*WHAT YOU ARE ASKED TO DO:* Your job is to return the whole listing unchanged while skipping its images.

*DATA EXTRACT:*
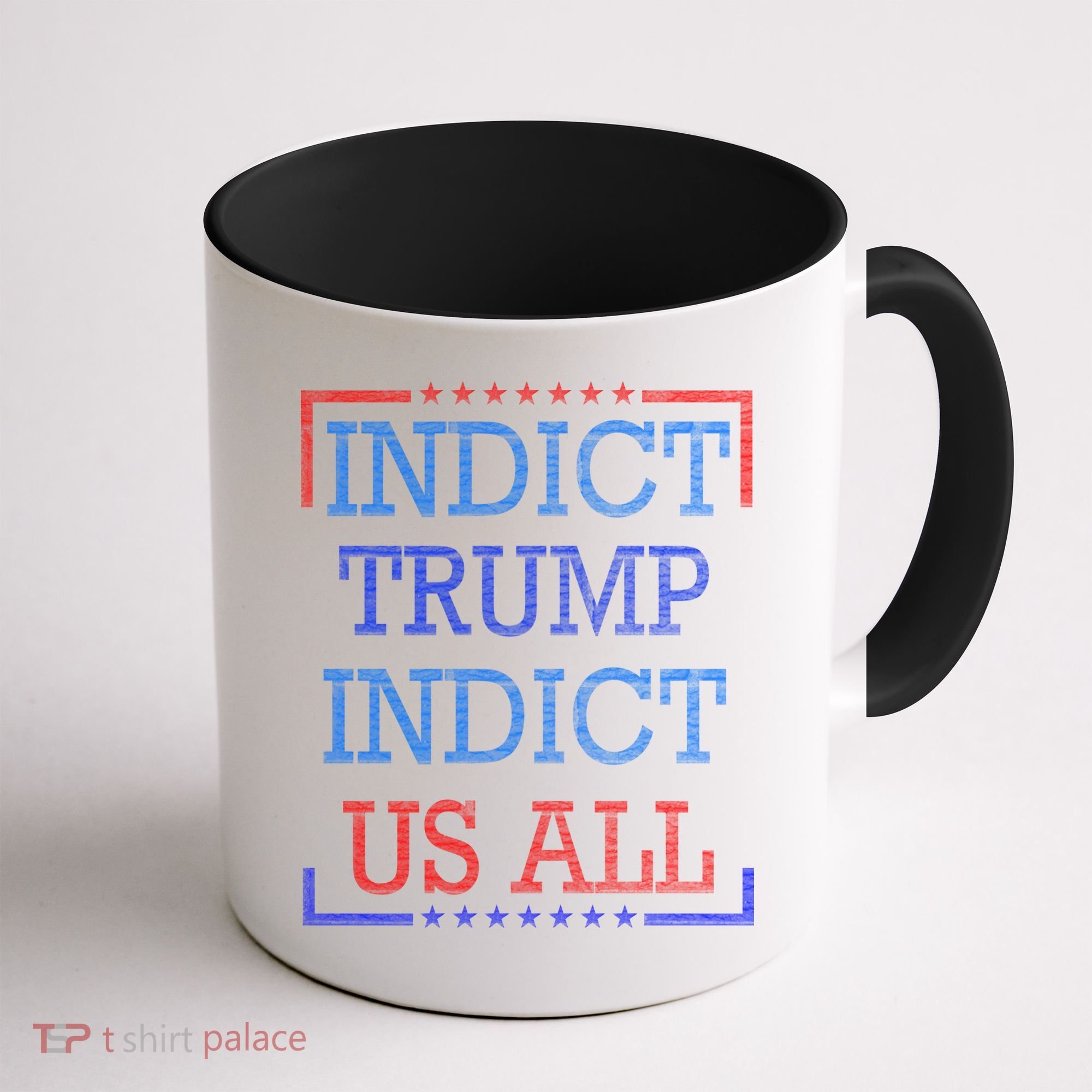 Indict Trump Indict Us All Support President Trump Coffee Mug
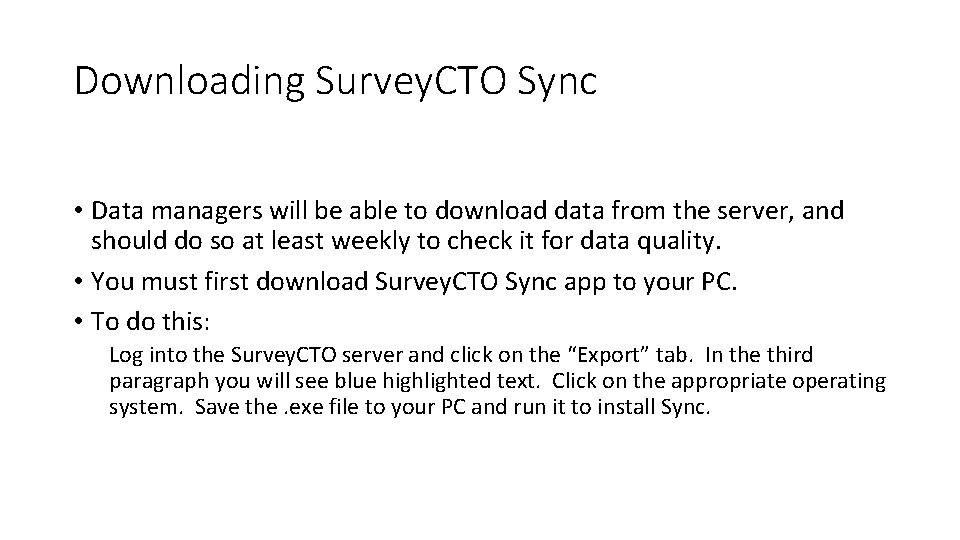 Downloading Survey. CTO Sync • Data managers will be able to download data from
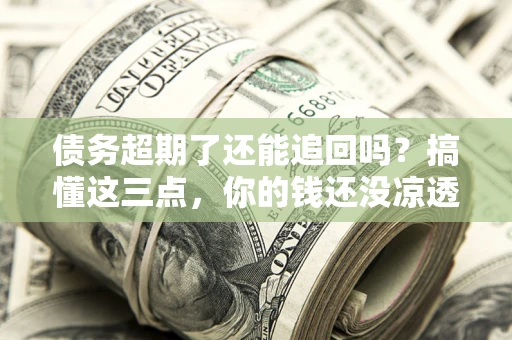 北京债务超期了还能追回吗？搞懂这三点，你的钱还没凉透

*REPLY:*
 Indict Trump Indict Us All Support President Trump Coffee Mug
 Downloading Survey. CTO Sync • Data managers will be able to download data from
 北京债务超期了还能追回吗？搞懂这三点，你的钱还没凉透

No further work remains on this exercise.